## [Exercise instructions]
Search the records for the word "Used" and pick out every line that has it.

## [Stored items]
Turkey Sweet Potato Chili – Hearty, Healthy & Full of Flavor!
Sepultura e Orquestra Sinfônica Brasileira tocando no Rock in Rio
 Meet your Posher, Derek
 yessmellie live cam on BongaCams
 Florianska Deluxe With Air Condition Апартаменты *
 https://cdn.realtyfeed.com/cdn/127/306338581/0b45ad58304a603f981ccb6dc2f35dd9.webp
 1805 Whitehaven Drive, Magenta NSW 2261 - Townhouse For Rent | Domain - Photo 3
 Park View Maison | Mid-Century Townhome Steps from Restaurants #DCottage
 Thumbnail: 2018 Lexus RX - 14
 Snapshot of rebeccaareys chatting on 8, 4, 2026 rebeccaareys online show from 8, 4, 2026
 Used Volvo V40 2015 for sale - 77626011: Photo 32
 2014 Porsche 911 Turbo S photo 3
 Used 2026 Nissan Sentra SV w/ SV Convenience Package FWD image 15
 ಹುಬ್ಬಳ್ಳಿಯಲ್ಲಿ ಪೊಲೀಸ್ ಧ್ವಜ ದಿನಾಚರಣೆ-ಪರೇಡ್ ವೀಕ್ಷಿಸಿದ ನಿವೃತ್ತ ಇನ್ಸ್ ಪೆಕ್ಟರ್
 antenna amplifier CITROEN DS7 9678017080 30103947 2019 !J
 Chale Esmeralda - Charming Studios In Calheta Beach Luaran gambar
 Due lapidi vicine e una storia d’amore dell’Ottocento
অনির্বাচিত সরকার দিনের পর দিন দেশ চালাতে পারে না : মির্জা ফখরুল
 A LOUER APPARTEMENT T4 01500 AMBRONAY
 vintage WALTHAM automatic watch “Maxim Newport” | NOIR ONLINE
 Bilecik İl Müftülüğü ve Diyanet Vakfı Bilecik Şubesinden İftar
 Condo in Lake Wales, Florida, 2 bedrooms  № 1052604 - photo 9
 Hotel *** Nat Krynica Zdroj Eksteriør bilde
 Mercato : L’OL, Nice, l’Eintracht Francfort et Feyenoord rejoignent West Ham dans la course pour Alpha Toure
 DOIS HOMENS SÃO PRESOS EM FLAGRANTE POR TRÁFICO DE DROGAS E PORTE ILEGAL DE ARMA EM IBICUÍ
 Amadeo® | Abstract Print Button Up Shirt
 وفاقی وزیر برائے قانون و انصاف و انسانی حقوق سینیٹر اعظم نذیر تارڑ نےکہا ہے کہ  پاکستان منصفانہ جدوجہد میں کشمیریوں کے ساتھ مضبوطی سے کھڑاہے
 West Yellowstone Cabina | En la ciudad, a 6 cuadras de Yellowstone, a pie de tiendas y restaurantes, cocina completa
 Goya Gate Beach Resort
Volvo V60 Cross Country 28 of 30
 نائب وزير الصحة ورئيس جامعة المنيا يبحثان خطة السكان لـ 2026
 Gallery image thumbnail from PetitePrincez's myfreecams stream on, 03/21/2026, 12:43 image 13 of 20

## [Output below]
 Used Volvo V40 2015 for sale - 77626011: Photo 32
 Used 2026 Nissan Sentra SV w/ SV Convenience Package FWD image 15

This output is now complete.